--- Activity ---
Reproduce every line of the listing as written, apart from the pictures.

[Provided material]

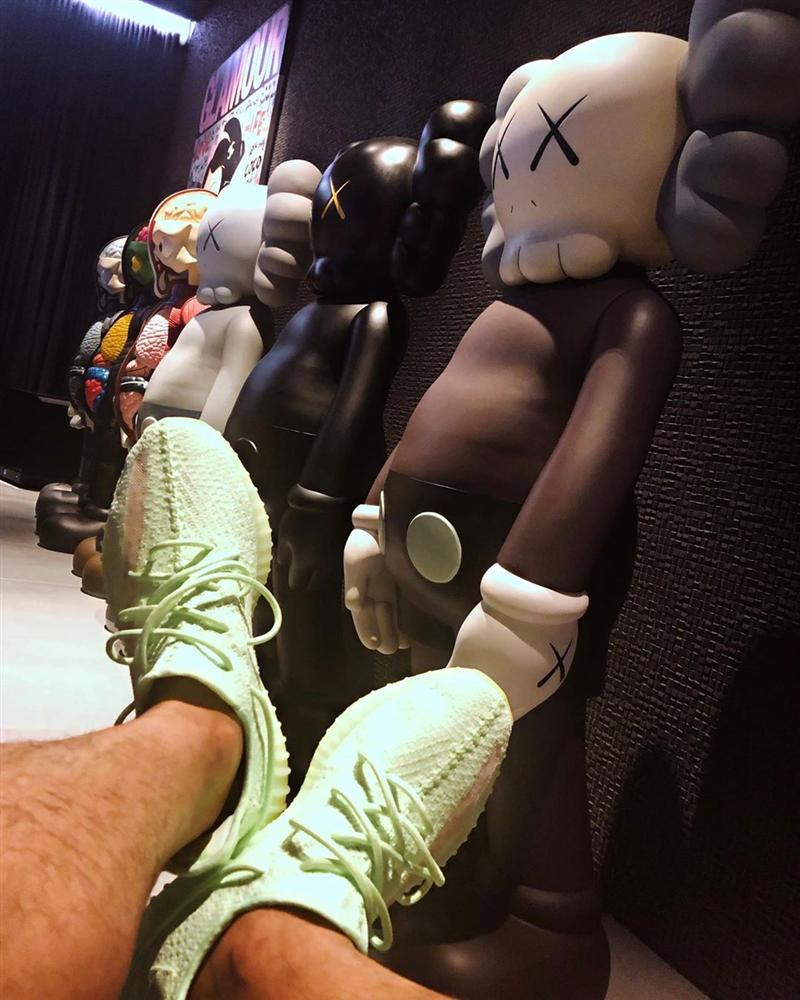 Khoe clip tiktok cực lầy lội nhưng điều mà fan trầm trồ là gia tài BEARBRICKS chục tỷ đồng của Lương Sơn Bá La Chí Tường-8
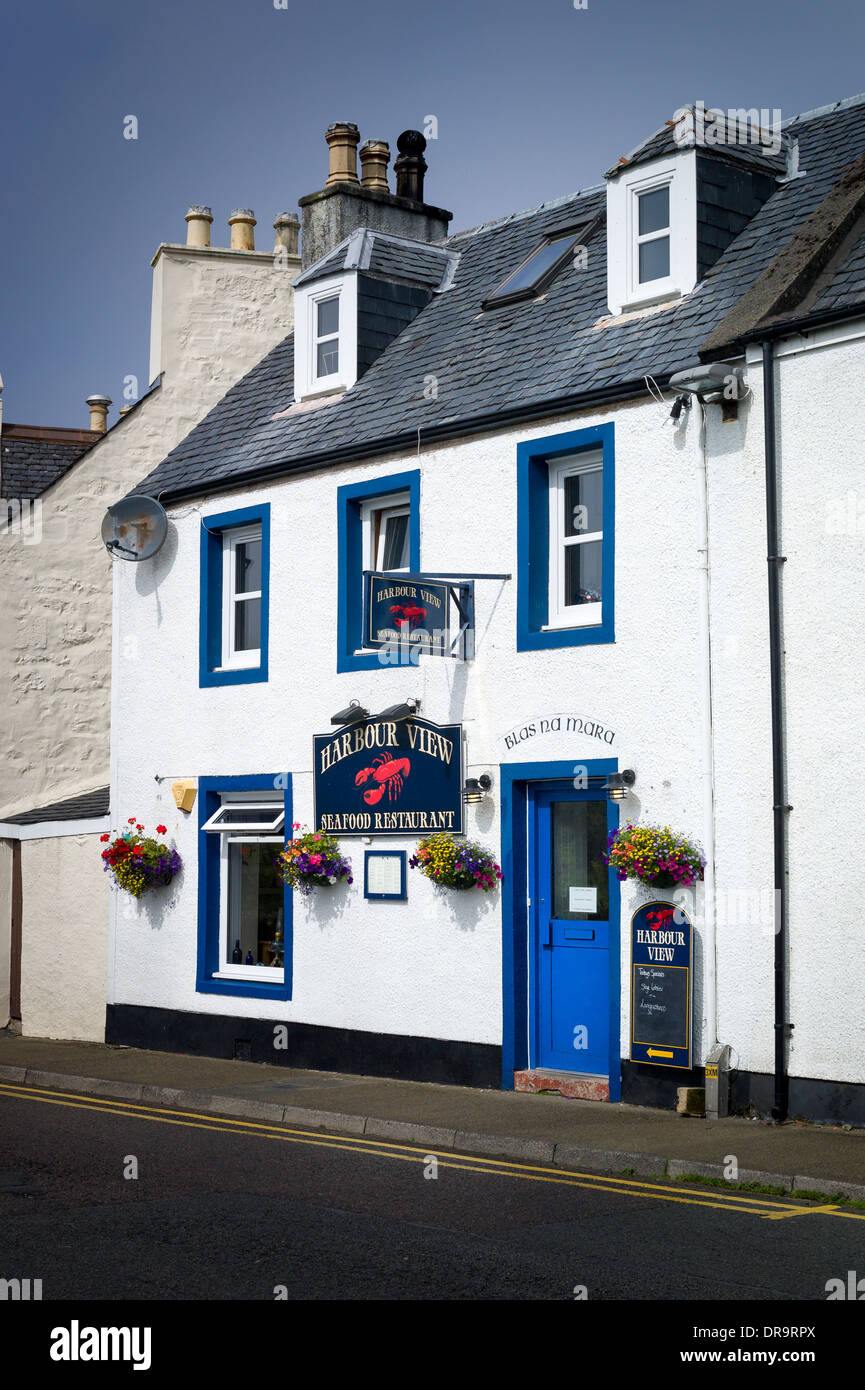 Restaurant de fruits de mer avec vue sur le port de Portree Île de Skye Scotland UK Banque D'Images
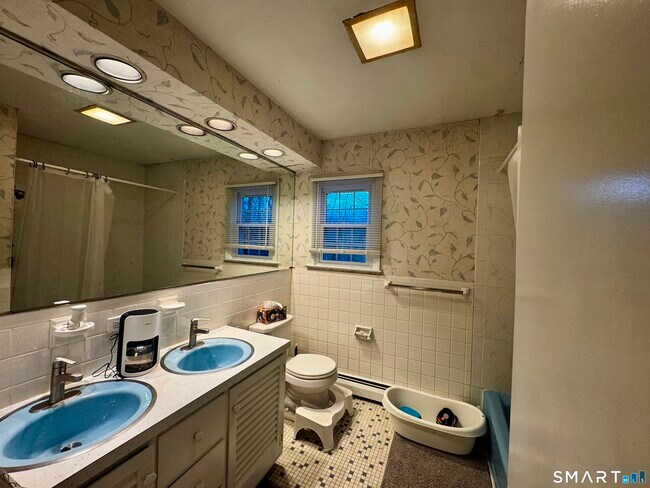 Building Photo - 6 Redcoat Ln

[/Provided material]

--- Response area ---
 Khoe clip tiktok cực lầy lội nhưng điều mà fan trầm trồ là gia tài BEARBRICKS chục tỷ đồng của Lương Sơn Bá La Chí Tường-8
 Restaurant de fruits de mer avec vue sur le port de Portree Île de Skye Scotland UK Banque D'Images
 Building Photo - 6 Redcoat Ln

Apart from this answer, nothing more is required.